Saltzman v. Thomas Jefferson Univ. Hosps., Inc.

Decision Date30 June 2017
Docket NumberNo. 2593 EDA 2015,2593 EDA 2015
Citation166 A.3d 465
Parties Leslie SALTZMAN, D.O., Appellee v. THOMAS JEFFERSON UNIVERSITY HOSPITALS, INC. and Jefferson Medical Care, Appellants
CourtPennsylvania Superior Court

Lee D. Moylan, Philadelphia, for appellant.

Rahul Munshi, Philadelphia, for appellee.

BEFORE: BENDER, P.J.E., MOULTON, J., and FITZGERALD, J.*

OPINION BY MOULTON, J.:

Thomas Jefferson University Hospitals, Inc. and Jefferson Medical Care (together, "Jefferson") appeal from the July 17, 2015 order entered in the Philadelphia County Court of Common Pleas overruling Jefferson's preliminary objections to the complaint of Leslie Saltzman, D.O. and ordering Jefferson to file an answer within 20 days.1 We reverse and remand.

The trial court set forth the following facts:

[Saltzman] began working for Jefferson in August 2014 at the Myrna Brind Center for Integrative Medicine. A few days prior to her start date, [Saltzman] signed an employment contract with Defendant, Jefferson Medical Care [ ("JMC") ]. This employment contract contains a portion that the parties refer to as the Physician Service Agreement [ ("Agreement") ], and it contains an arbitration clause that reads as follows:
Dispute Resolution . In the event of any controversy or claim between the parties hereto arising under or related to this Agreement or an[y] breach thereof, the parties shall confer in good faith in an attempt to resolve the dispute informally. If the controversy is not satisfactorily resolved at this level, then the grieving party shall inform the other party in writing of its intention to pursue arbitration, such notice stating the substance of the controversy. If the matter is not resolved within thirty (30) days after such notice, then the controversy shall be settled by binding arbitration in Philadelphia, Pennsylvania in accordance with the American Health Lawyers Association Alternative Dispute Resolution Services Rules of Procedure for Arbitration then in effect.
The Defendant, Thomas Jefferson University Hospital[s], Inc. [ ("TJUH") ], was not a party to the Physician Service Agreement, and no representative signed the Agreement on behalf of [TJUH].
[Saltzman] avers that while she was working at Myrna Brind Center for Integrative Medicine, she learned that [Jefferson was] engaging in wrongdoing. Specifically, [Saltzman] avers that [Jefferson] ... w[as] holding forth a chiropractor, George Zabrecky, as a licensed doctor of medicine, when he did not hold such credentials. She avers that [Jefferson] delegated medical responsibilities to Mr. Zabrecky despite [its] knowledge that he was not qualified, trained, experienced, licensed or certified to perform these duties. [Saltzman] avers that she reported this wrongdoing on or about October 15, 2014, October 24, 2014, and October 28, 2014. [Saltzman's] employment was terminated on November 11, 2014.

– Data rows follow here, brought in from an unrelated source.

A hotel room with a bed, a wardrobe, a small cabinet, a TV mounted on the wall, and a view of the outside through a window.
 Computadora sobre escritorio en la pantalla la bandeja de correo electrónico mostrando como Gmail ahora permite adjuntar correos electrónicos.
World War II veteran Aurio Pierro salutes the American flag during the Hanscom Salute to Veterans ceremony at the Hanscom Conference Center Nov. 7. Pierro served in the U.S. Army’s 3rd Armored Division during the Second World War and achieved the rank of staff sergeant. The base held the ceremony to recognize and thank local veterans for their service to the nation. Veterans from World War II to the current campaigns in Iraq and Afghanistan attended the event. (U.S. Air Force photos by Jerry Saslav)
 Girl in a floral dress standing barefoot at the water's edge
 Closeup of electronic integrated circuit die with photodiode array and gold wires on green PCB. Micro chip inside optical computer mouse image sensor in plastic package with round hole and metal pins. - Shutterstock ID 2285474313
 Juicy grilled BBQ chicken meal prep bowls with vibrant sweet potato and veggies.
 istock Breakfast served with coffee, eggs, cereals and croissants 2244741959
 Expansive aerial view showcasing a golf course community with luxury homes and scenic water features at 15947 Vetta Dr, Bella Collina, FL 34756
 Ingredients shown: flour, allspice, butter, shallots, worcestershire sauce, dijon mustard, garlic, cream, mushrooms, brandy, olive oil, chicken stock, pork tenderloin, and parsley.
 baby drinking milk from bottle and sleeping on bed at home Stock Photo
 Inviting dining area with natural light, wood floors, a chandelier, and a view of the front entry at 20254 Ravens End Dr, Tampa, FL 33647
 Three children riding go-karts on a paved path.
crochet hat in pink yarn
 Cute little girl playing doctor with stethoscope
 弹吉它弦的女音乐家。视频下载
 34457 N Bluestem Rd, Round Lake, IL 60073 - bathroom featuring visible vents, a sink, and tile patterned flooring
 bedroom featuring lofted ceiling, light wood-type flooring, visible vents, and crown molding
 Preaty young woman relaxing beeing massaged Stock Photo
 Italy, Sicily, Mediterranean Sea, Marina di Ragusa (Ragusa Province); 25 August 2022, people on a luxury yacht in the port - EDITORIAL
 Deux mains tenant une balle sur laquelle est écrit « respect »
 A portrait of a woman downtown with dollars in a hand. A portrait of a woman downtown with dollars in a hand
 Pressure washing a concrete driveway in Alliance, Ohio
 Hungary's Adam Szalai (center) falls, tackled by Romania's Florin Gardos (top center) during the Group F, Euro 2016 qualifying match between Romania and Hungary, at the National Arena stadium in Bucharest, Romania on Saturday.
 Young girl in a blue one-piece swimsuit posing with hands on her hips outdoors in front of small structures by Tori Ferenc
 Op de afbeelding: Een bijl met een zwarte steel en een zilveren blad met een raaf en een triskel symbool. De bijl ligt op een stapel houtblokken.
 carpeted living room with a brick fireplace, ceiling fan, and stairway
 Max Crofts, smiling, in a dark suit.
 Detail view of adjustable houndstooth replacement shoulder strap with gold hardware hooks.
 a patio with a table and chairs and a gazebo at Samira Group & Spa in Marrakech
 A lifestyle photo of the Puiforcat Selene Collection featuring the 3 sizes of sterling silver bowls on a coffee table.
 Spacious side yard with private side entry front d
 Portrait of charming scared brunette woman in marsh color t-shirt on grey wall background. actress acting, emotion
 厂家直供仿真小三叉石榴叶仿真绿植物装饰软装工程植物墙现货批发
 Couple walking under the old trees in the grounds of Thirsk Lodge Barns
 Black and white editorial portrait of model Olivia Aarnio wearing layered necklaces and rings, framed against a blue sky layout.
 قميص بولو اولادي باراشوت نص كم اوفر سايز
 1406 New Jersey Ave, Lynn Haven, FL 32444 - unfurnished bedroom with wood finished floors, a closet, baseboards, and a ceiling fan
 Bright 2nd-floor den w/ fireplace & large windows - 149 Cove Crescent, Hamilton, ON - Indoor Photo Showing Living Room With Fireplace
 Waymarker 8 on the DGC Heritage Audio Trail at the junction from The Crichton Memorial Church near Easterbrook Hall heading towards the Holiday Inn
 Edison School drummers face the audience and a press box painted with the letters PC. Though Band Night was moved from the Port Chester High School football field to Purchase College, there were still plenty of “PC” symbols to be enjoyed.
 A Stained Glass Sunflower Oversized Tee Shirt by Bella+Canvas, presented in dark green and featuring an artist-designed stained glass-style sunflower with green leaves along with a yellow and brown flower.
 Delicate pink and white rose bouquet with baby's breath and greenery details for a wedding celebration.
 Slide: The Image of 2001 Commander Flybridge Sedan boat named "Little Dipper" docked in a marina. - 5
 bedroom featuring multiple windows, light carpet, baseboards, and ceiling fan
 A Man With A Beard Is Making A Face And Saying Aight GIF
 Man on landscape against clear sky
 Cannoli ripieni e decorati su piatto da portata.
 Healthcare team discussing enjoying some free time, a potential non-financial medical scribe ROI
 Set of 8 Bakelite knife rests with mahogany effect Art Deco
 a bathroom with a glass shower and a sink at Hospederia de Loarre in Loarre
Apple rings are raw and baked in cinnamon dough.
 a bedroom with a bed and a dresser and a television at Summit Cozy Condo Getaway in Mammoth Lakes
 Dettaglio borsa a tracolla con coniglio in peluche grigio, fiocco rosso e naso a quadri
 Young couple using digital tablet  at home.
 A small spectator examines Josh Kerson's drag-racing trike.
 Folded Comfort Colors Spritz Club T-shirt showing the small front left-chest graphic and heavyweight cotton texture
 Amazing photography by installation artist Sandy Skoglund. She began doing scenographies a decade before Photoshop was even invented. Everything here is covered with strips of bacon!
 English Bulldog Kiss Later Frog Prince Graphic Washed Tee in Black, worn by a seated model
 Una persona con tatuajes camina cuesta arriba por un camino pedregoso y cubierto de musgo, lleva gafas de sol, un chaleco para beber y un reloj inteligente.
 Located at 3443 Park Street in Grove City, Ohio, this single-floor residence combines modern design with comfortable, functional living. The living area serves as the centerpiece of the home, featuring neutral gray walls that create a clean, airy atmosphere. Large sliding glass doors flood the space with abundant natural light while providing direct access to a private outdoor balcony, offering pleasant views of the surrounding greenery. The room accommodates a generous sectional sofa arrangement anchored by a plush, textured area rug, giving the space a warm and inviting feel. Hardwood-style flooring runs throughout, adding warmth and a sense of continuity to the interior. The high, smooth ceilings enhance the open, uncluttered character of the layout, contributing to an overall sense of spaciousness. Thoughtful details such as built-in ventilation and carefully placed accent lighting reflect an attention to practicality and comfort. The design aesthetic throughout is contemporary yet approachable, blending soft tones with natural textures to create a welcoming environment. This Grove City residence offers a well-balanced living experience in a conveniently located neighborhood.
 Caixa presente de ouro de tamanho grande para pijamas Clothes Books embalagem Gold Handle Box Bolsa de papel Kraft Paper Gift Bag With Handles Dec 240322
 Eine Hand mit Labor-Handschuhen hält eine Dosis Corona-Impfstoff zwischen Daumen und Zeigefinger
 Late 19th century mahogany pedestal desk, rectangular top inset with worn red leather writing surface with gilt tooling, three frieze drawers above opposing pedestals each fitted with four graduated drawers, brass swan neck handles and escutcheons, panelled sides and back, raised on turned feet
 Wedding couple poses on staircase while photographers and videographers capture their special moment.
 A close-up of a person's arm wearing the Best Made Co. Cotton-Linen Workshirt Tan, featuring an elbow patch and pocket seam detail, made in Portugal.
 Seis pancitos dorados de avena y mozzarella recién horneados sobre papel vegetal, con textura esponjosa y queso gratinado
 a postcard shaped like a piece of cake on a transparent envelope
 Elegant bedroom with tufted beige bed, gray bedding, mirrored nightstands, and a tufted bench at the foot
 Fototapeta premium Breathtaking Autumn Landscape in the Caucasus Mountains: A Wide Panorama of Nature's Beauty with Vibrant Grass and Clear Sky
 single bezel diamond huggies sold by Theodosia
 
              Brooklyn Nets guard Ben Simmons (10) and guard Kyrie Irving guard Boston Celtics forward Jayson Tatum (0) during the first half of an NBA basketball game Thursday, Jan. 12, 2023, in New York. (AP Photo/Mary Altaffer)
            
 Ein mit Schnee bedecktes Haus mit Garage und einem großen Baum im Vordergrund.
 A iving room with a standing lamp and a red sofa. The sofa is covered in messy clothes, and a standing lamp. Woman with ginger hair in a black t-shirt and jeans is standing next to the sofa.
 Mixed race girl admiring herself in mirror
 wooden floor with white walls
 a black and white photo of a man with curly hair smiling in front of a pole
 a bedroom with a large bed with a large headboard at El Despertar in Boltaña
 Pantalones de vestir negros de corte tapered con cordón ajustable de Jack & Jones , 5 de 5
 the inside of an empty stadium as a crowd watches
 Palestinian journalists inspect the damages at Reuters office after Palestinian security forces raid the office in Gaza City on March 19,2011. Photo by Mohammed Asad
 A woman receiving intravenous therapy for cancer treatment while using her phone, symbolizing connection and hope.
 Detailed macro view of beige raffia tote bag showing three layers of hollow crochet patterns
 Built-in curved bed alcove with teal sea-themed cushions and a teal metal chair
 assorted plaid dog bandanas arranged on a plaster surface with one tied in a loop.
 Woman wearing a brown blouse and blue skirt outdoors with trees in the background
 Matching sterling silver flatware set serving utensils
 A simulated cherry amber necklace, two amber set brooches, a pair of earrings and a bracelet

Opinion, 7/11/16, at 1–2 ("1925(a) Op.").

On May 8, 2015, Saltzman filed a complaint against Jefferson, alleging claims for retaliation in violation of the Pennsylvania Whistleblower Law, 43 P.S. §§ 1421 –28, and common law wrongful termination. Jefferson filed preliminary objections, seeking to compel arbitration pursuant to the Agreement. On July 17, 2015, the trial court overruled the preliminary objections and ordered Jefferson to file an answer within 20 days.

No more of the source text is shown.